How many is sequences with length $4n$ which contain only $0$ and $1$.
$0$ occurs $2n$ times and $1$ occurs $2n$ times. Moreover number of occurs $0$ before $n$'th occur of $1$ can't be bigger than $n$
My attempt
I thought that I can use there generating functions. So let assume that we have put our $"1"$ and now we want to put $0$ between them.
$$[x^{2n}] (1+x)(1+x+x^2)\cdot...\cdot(1+x+x^2+...+x^{2n})$$
Each fraction represents how many zeros we can put before $i'th$ $1$.

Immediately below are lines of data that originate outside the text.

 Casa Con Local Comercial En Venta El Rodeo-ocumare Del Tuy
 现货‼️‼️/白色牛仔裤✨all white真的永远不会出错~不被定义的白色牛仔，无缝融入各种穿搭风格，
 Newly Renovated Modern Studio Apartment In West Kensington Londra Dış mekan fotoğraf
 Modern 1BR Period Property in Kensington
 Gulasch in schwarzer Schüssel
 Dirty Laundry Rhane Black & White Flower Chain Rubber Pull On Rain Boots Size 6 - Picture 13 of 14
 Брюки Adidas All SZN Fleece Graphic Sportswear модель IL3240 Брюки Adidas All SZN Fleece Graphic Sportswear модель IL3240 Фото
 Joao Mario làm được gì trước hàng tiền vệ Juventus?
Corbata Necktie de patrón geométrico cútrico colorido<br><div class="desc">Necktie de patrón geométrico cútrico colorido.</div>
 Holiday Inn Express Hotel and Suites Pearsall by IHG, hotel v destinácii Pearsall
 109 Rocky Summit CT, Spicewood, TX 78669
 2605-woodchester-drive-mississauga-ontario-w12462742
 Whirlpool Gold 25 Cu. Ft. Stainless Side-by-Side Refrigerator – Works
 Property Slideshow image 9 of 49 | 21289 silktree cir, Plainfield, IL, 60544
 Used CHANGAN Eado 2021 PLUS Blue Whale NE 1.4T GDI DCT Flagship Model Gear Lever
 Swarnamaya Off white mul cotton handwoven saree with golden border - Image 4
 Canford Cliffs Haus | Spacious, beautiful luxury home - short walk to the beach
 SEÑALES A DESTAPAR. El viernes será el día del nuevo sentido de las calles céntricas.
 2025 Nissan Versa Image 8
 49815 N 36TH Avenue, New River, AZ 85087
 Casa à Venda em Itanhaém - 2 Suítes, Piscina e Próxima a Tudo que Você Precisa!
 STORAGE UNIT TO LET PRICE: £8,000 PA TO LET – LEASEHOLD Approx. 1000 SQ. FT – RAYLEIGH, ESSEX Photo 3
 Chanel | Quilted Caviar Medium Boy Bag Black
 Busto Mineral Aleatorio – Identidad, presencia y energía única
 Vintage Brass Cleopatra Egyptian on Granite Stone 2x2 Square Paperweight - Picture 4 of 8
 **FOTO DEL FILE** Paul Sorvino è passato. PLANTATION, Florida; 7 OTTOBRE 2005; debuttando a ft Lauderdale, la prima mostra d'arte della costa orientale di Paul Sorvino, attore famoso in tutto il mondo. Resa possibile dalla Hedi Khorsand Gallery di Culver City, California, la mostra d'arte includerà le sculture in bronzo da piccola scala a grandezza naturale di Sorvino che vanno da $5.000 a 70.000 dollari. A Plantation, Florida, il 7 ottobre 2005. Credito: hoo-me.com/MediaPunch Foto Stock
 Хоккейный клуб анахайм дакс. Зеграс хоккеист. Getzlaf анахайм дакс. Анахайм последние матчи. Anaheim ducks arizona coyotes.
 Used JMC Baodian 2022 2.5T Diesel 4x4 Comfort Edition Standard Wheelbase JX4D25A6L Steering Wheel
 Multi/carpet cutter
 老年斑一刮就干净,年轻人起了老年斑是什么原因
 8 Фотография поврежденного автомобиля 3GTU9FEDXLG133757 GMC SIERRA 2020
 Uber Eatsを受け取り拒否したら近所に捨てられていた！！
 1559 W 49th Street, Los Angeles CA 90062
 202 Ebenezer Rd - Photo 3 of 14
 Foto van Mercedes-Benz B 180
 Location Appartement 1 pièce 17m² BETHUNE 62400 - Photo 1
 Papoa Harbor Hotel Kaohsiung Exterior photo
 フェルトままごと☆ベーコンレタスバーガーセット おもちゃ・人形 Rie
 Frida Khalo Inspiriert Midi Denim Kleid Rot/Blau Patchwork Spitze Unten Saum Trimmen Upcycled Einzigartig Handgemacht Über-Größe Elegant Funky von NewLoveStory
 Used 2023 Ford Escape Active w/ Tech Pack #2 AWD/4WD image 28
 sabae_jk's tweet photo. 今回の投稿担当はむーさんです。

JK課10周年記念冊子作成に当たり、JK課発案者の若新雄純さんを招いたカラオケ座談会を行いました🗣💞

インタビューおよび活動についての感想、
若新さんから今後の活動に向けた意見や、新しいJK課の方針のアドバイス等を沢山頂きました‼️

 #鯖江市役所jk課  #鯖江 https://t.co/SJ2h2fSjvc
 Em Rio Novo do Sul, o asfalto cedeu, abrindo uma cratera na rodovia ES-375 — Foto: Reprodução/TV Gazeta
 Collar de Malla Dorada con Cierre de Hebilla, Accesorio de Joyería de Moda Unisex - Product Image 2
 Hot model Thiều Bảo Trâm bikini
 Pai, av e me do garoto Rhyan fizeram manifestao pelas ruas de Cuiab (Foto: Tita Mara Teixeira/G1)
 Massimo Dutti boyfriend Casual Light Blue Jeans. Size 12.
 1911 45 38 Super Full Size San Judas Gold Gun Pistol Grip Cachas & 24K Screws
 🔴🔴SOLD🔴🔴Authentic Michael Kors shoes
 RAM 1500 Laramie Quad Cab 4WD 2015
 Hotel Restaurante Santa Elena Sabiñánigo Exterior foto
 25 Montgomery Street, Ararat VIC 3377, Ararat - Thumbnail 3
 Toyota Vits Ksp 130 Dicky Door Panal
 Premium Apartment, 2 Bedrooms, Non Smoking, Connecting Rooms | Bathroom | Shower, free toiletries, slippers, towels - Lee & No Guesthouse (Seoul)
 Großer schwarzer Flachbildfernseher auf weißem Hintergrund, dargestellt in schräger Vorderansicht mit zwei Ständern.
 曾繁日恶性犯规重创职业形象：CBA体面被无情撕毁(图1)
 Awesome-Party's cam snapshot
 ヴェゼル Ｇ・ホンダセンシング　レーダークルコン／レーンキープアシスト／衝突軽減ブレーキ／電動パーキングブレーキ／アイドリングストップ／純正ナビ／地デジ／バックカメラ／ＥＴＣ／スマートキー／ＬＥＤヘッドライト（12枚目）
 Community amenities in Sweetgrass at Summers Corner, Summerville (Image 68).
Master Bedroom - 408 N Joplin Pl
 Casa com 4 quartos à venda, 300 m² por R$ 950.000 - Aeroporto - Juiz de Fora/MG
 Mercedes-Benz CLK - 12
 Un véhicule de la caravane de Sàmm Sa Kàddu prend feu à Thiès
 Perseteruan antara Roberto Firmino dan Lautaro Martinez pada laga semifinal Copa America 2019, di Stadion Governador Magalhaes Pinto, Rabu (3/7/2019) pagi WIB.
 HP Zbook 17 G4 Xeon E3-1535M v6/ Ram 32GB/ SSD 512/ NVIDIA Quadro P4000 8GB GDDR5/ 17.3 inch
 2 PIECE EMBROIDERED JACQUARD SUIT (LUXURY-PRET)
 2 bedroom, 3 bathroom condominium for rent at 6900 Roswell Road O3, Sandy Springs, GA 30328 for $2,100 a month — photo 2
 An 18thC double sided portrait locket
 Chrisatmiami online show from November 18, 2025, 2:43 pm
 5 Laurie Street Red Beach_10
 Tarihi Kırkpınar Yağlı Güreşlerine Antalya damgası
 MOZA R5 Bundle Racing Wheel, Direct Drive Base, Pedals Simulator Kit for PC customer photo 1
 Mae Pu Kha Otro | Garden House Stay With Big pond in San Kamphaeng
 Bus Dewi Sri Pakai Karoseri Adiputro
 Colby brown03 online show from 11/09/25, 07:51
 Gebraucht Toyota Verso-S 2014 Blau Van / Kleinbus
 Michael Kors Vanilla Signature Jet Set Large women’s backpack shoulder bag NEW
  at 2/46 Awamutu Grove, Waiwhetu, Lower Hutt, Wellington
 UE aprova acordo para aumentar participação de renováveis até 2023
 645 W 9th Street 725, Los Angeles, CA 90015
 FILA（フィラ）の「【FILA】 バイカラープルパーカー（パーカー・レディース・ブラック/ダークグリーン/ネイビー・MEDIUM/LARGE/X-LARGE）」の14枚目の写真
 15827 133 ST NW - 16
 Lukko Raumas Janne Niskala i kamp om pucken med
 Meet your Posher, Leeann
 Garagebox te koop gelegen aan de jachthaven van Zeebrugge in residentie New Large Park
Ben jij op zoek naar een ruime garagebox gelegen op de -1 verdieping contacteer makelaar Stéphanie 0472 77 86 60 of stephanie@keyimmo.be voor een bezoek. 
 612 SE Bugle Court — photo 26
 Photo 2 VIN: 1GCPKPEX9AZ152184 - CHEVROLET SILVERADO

$$[x^{2n}] \frac{(1-x^2)(1-x^4)...(1-x^{2n})}{(1-x)^{2n}}$$
$$[x^{2n}] (1-x^2)(1-x^4)...(1-x^{2n}) \cdot \sum_{0\le k}\binom{k+2n-1}{2n-1}x^k$$
But I don't know how I can find $[x^{2n}]$ there
Hint: Consider the position of the nth 1. Should it be larger than or equal to $2n$?
Solution:
The position of nth 1 should not be larger than or equal to $2n$. Otherwise, among the first $2n-1$ elements, there are $n-1$ 1's and $n$ 0 s.
Then you can freely distribute the first $2n-1$ positions with $n$ 1's and $n - 1$ 0s. Now, I think you can derive the answer yourself.